Vivian was one of my best friends. She was one of the most important people in my life. I have always struggled with self image and had labeled myself worthless and unloved a majority of my life. In that struggle there have been very few people to speak life over me and I actually believe them.. Vivian was one of them. Vivian was one of my biggest supporters and biggest fan. So does God not want those things for me? Does he not want me to feel loved or to have that security?

My Aunt Rhonda has always seen something in me that at times I haven’t even been able to see in myself. She has always said “that girl is going to do something”, “she’s going places”, “God has a plan for her life”, “she’s got big things in her future”. If there has ever been anyone who has wanted “more” for me or to do “more” for me, it was her. So, I’m sorry but I just don’t understand why God would take them from me. I look at their lives and their significance and importance and wonder further why God would allow two AMAZING people to go when there are murders, rapists, thieves, etc. still here.

So, here I am. Completely and utterly broken. Confused and angry. Hurting. Then God says to me, “attraversiamo”. Let’s cross over. I’ve been trying to do it alone.
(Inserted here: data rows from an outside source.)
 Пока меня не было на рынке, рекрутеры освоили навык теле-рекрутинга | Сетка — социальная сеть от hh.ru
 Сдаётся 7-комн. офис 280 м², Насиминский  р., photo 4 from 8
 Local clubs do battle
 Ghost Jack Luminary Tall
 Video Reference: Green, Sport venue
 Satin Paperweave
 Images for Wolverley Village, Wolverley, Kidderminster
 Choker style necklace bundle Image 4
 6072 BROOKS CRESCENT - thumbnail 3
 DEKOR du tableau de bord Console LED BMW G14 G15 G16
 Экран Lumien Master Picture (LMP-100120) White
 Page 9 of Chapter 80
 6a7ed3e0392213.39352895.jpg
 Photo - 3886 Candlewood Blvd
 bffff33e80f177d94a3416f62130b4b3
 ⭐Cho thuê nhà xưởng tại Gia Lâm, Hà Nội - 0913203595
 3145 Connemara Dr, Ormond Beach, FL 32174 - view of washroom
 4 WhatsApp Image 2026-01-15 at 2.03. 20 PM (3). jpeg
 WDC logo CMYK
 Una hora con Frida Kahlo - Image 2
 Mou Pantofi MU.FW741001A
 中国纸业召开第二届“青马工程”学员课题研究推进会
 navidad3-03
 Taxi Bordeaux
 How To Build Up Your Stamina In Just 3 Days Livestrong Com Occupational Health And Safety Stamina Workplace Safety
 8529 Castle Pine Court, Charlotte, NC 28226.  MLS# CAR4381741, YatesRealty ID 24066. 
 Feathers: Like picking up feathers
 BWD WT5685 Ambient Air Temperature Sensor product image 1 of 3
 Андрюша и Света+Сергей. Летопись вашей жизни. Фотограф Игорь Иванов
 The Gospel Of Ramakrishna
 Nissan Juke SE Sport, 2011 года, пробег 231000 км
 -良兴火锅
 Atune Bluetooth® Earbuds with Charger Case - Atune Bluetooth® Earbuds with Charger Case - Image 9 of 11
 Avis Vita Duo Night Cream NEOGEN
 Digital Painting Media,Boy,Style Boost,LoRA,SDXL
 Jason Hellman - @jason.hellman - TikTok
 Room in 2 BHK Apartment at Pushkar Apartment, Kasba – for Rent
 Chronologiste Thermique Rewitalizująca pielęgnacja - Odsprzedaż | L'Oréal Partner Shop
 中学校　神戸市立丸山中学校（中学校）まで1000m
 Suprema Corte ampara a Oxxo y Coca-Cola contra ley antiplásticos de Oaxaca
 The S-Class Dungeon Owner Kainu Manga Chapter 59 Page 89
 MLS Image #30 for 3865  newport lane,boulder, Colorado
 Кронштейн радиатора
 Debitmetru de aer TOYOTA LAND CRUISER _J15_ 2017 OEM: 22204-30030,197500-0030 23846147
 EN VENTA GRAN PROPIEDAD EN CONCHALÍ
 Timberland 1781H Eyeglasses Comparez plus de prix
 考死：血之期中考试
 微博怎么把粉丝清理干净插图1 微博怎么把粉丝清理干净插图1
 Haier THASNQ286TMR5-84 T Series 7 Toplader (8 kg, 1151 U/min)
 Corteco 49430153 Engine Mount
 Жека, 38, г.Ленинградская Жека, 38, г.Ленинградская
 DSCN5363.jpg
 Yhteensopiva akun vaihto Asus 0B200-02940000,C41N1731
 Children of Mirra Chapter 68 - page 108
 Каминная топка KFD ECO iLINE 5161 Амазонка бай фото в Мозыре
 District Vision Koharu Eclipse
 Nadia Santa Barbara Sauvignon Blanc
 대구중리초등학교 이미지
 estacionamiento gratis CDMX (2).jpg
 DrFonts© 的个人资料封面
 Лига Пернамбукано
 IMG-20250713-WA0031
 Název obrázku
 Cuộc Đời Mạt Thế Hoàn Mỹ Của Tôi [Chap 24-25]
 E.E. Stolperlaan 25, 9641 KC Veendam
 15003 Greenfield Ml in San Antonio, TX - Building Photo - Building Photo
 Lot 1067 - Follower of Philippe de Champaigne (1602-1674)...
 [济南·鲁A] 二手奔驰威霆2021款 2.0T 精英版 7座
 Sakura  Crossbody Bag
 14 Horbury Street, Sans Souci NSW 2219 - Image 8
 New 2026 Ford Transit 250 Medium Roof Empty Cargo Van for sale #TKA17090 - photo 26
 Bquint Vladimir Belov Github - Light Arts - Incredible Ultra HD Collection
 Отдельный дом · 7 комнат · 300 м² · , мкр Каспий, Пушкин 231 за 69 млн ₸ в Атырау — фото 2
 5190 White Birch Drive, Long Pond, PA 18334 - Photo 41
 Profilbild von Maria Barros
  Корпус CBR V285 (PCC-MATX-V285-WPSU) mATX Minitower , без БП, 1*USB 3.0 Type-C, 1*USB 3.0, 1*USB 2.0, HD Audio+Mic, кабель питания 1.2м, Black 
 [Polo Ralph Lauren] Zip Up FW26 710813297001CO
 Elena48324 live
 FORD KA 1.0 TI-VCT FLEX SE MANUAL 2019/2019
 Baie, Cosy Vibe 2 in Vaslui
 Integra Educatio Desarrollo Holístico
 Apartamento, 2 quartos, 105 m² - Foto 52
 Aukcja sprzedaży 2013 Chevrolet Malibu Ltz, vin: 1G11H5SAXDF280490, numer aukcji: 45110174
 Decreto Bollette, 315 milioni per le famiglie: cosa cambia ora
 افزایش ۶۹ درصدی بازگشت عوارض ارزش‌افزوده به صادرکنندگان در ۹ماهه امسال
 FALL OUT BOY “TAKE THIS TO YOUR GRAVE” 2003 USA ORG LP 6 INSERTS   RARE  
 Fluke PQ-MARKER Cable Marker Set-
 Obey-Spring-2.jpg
A friend of mine was recently at a conference and at this conference the speaker tells her that no one can heal our hearts except the one who created them. I can’t heal my heart. The things I do to try to fill the void won’t heal my heart. My friends can’t heal my heart. But God, the creator, he can. He wants to. But he can’t heal what I don’t allow him to. So here I am God, no longer holding on to my pain and my grief. I give it to you. Attraversiamo God, let’s cross over.

This isn’t the first, nor will it be the last time God says to me “attraversiamo”.

I believe God has and is also saying;
Let’s cross over boarders.
Let’s cross over language barriers.
Let’s cross over fear.
Let’s cross over self doubt.
Let’s cross over anxiety.
Let’s cross over judgement.
Let’s cross over stereotypes.

The list could go on and on.

I challenge you to find what it is God wants to help you cross over in your life. This is where I am at in my life. As I prepare to leave for training camp, I know he has huge things in store for me. Things that will push me, mold me, and challenge me. It will be hard and painful, but I know that it is all part of The Potter’s mending process. I ask that you pray for me as I take on this challenge because it will not be easy. I will be praying for y’all as well, that God will reveal what he wants to cross over with you. Remember, God is always right there saying “attraversiamo”, you don’t ever have to do it alone.